◆ Task objective ◆
Everything below from the line with "Building Photo - 1967 Sumter St NW" through the line with "Negozio in Corso" should be copied exactly, and nothing else; leave out the pictures.
*** Opening Material supplied ***
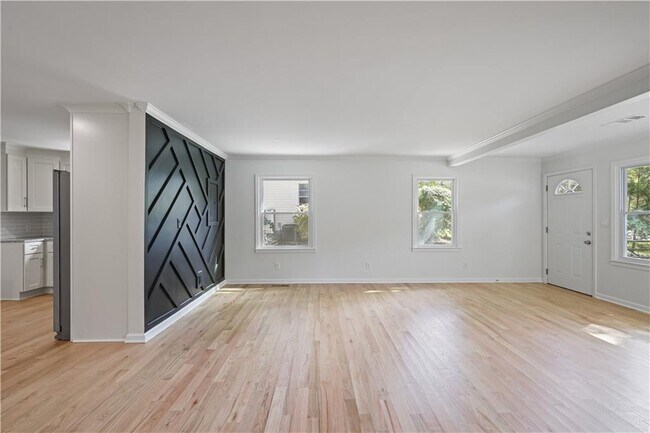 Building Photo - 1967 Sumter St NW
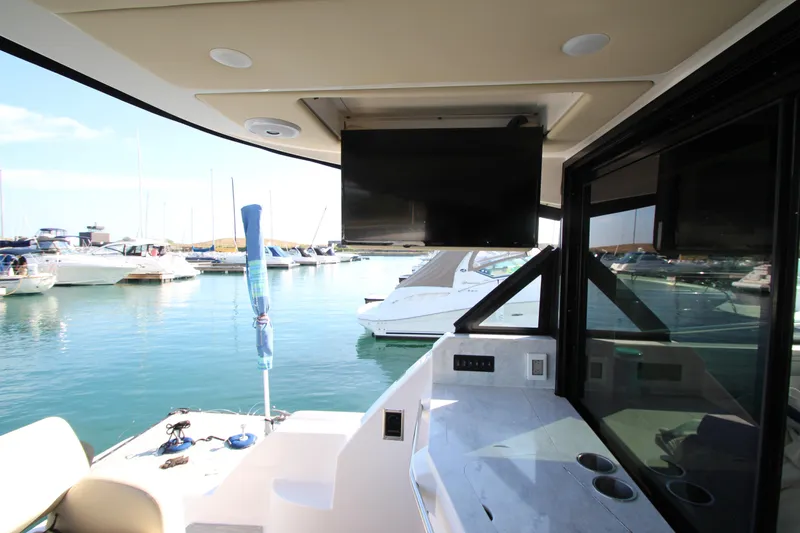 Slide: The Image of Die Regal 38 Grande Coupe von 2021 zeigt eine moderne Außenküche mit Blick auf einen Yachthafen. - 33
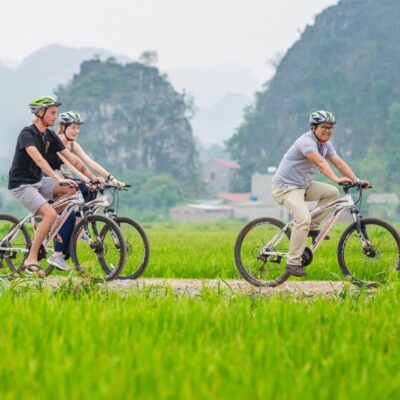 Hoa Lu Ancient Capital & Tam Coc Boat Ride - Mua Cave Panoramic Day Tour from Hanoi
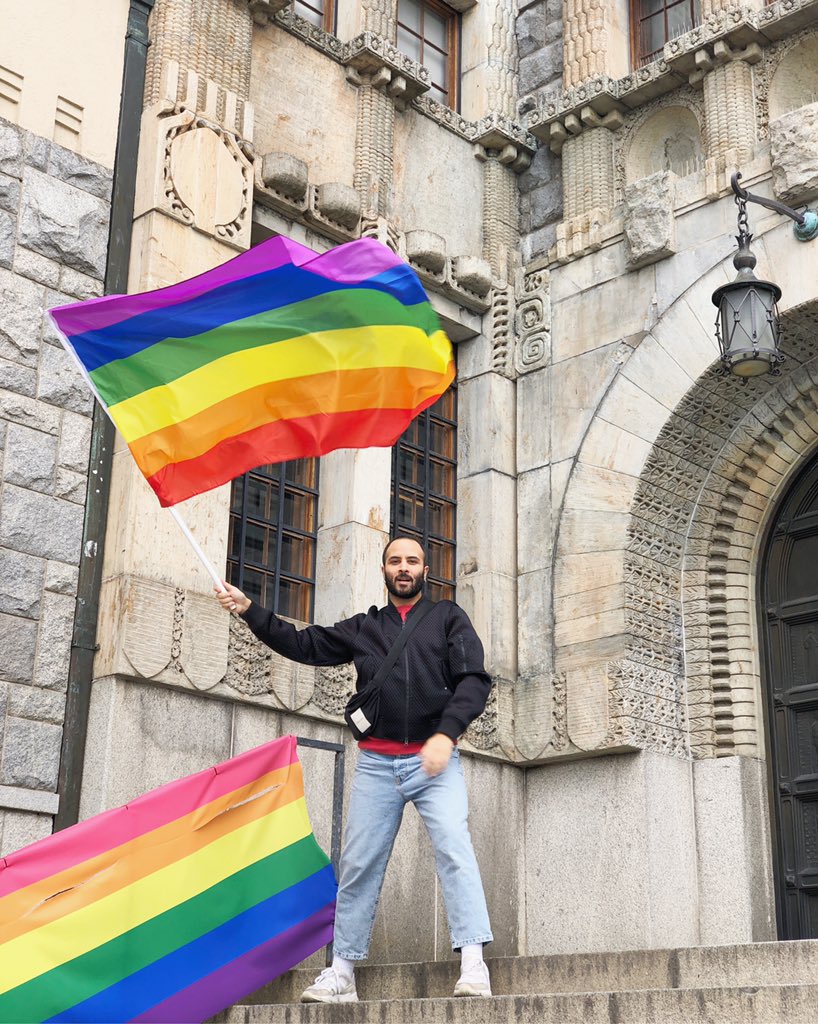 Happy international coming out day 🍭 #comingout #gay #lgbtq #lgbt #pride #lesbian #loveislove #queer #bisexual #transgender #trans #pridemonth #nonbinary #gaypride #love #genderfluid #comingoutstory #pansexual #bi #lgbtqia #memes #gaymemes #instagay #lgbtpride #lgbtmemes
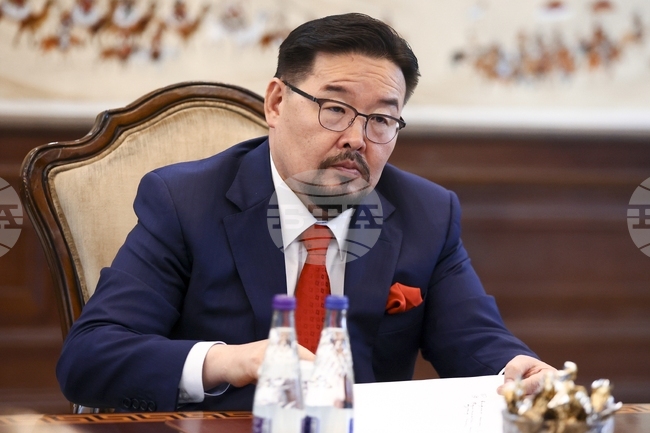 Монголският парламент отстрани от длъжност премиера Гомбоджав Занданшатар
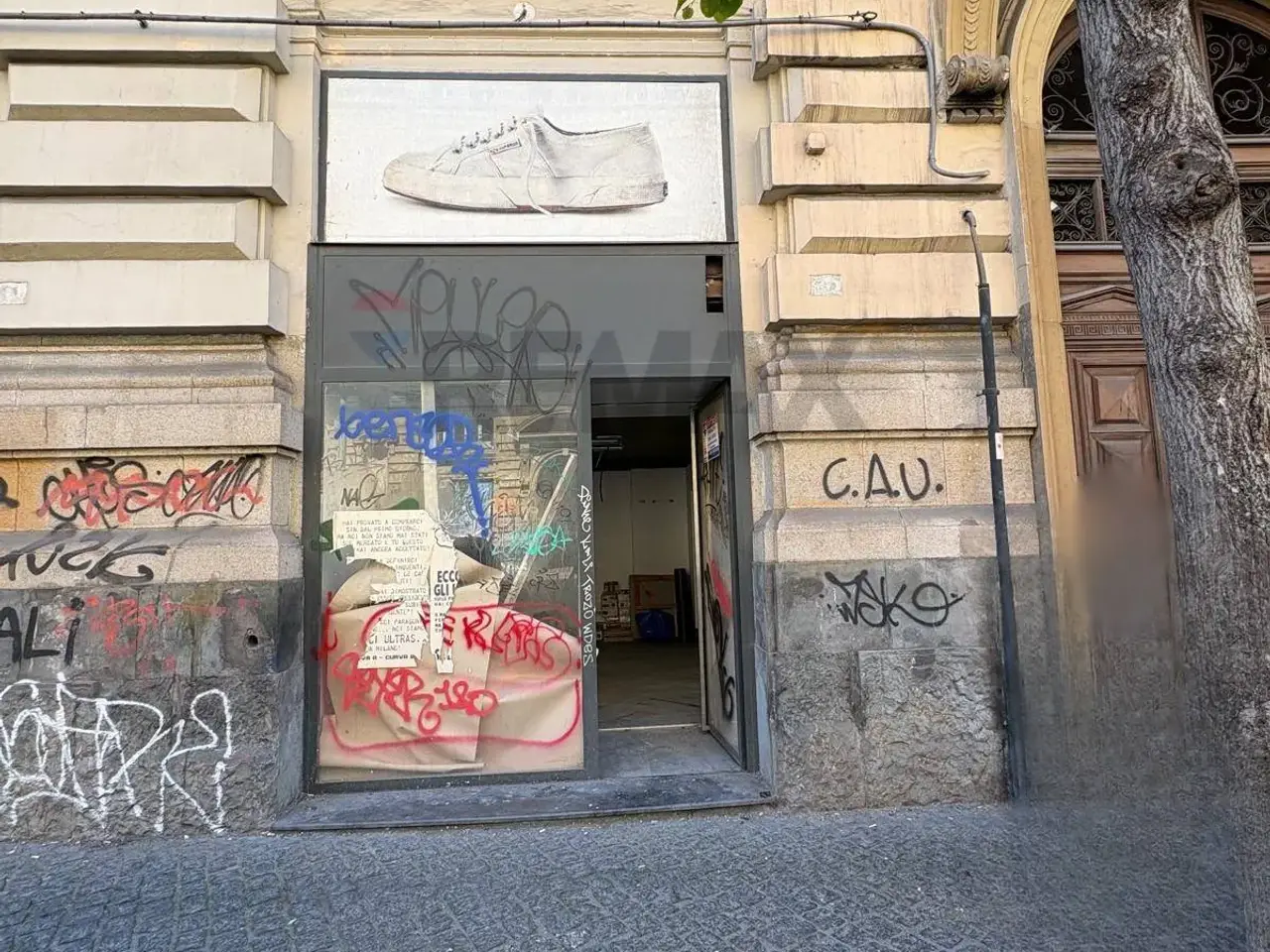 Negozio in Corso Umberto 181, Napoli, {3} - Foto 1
*** Closing Material supplied ***
*** Opening Material supplied ***
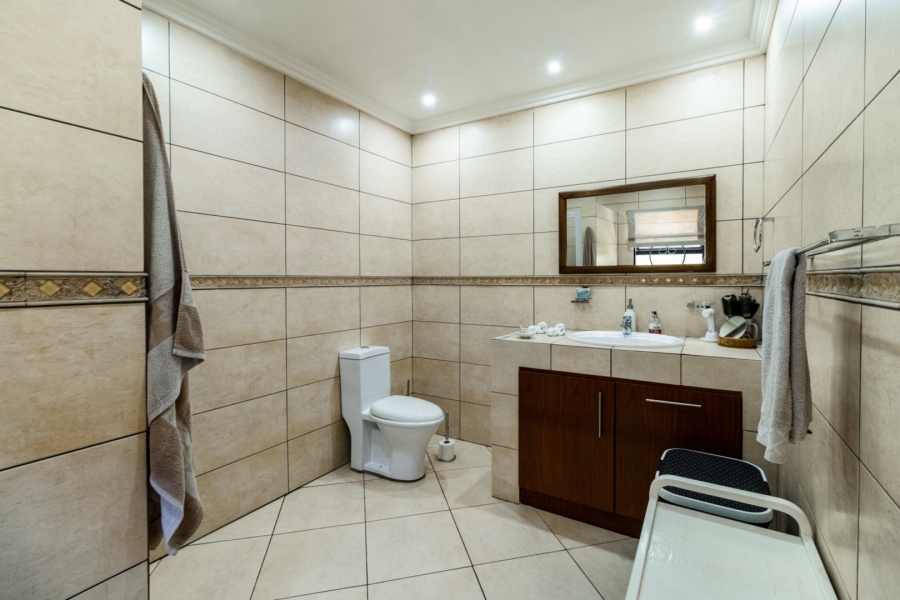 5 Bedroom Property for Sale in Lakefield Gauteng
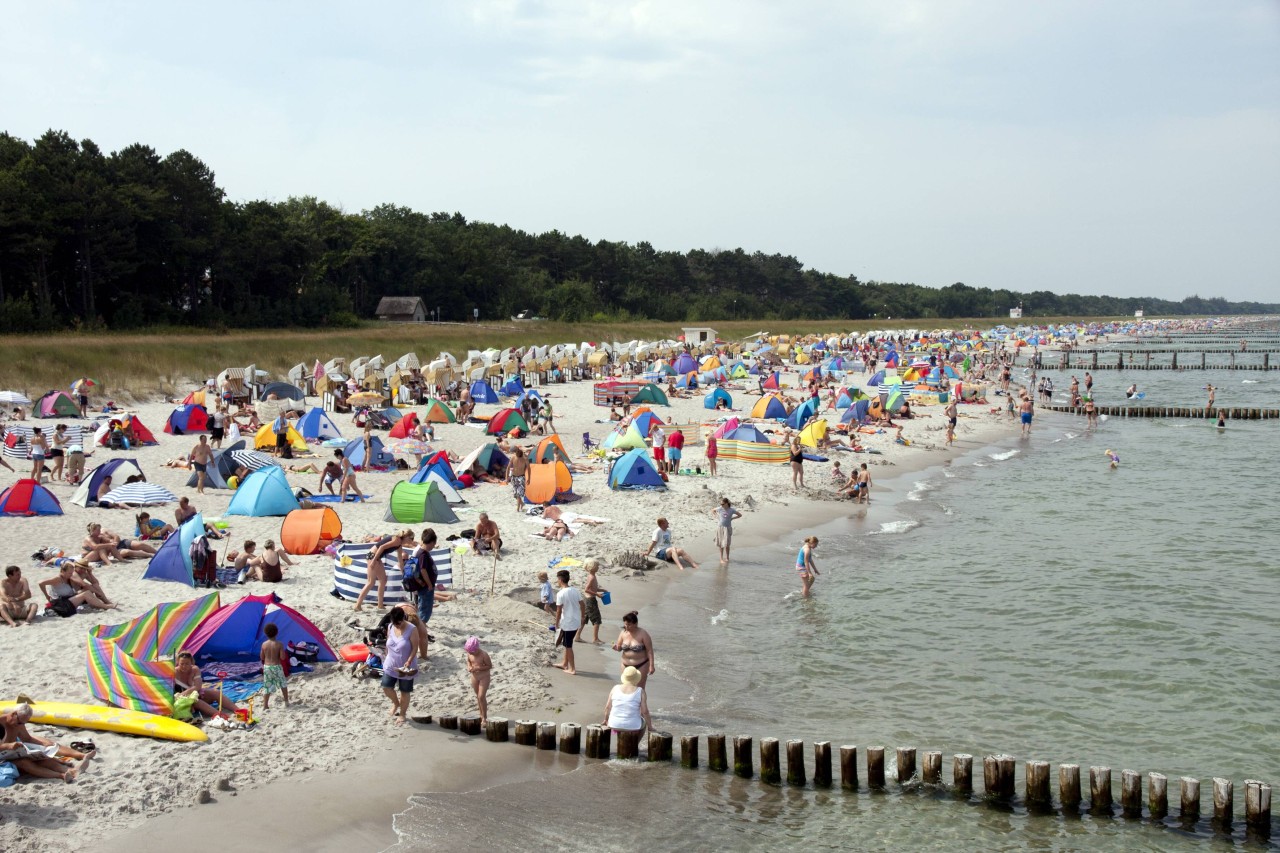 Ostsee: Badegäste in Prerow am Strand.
*** Closing Material supplied ***
◆ Solution below ◆
 Building Photo - 1967 Sumter St NW
 Slide: The Image of Die Regal 38 Grande Coupe von 2021 zeigt eine moderne Außenküche mit Blick auf einen Yachthafen. - 33
 Hoa Lu Ancient Capital & Tam Coc Boat Ride - Mua Cave Panoramic Day Tour from Hanoi
 Happy international coming out day 🍭 #comingout #gay #lgbtq #lgbt #pride #lesbian #loveislove #queer #bisexual #transgender #trans #pridemonth #nonbinary #gaypride #love #genderfluid #comingoutstory #pansexual #bi #lgbtqia #memes #gaymemes #instagay #lgbtpride #lgbtmemes
 Монголският парламент отстрани от длъжност премиера Гомбоджав Занданшатар
 Negozio in Corso Umberto 181, Napoli, {3} - Foto 1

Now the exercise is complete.